Choosing your recipe:
What do you want your soap to do? Is it just to smell nice? To scrub hands clean after working outside? To soothe dryer skin in the bath?
There are endless combinations for rebatching soap, but here are a few favourite blends:
Rose & Almond- use ground almonds (these add a little extra oil and are good at stopping soap feeling drying on the skin), a drop or two of rose or rose geranium oil, rosewater, and maybe some rose petals.
Orange and Oatmeal: use fine oatmeal and dried zest of orange to create a scrubby treat, try orangeflower water to bind it. A tiny touch of mixed spice or ground cinnamon turns this into 'Christmas pudding' soap.
Peppermint and Pumice: Finely ground pumice stone and a drop of peppermint oil makes a strongly scrubby soap that will tackle oily hands easily.
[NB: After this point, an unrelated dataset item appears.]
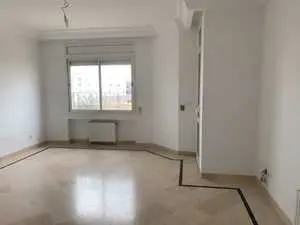  A vendre un appartement S+2 Jardin Del Menzah1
You don't need much pumice or mint!
Vanilla: Scrape the seeds out of a small vanilla pod
Coffee: Freshly used coffee grounds work well in soap and can help remove kitchen smells from hands.
Lavender is lovely either alone or with oatmeal or almonds.
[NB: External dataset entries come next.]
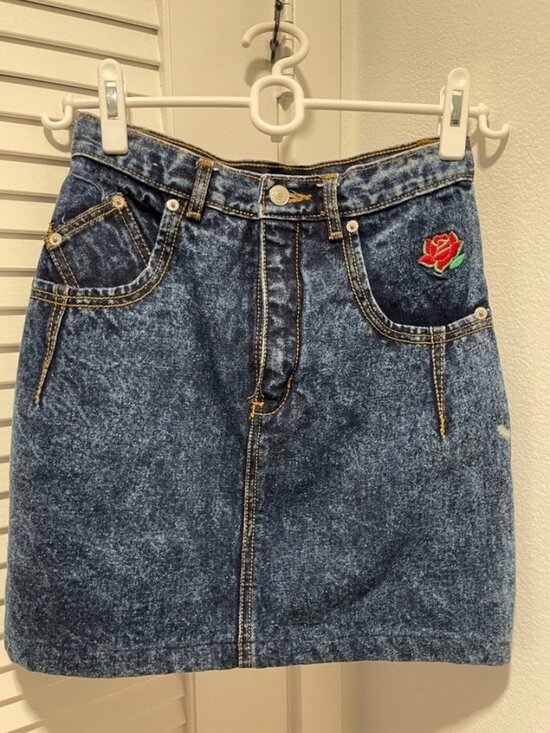 Dresses & Skirts - Mini Skirt Size 7/8💓
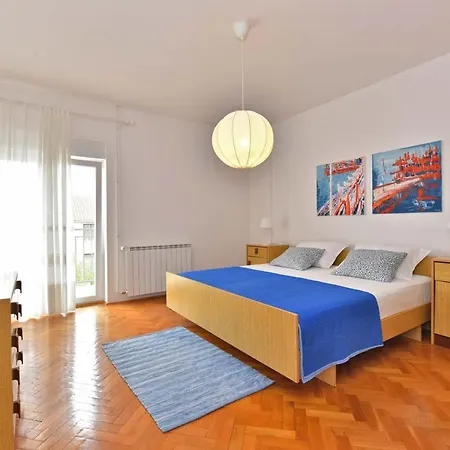 Brezac Olive Garden Apartment *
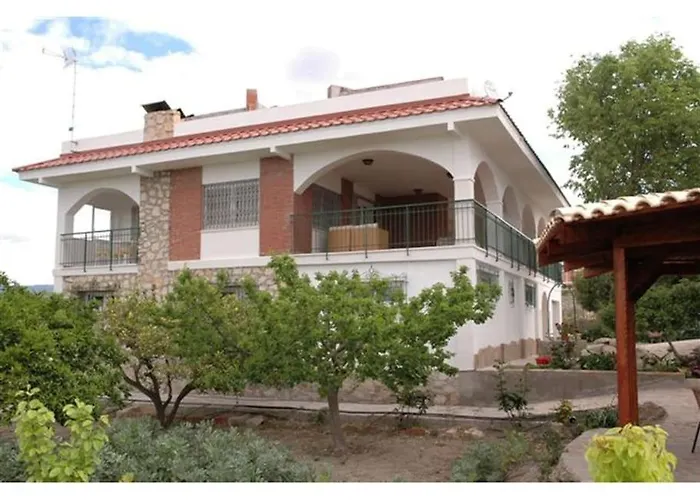 Villa Manolita In The Area Of Busot With 5 Bedrooms And Large Private Swimming Pool!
As a general tip, use slightly less filler ingredients than you think you may need, you can always up the quantities in another batch if you find you prefer things stronger, but overly scrubby or smelly soap is no fun at all.
Grate your soap as finely as you can, a fine grate gives a smoother finished result. I've never had much luck grating soap in a food processor, but if your soap is fairly soft you may be able to do this.
Once your soap is grated, add about 5-10% by eye of your chosen filler ingredients. If you are adding any essential oils, add those now as well. You normally only need about 5 drops of oil per average bar of soap. Mix everything together very well.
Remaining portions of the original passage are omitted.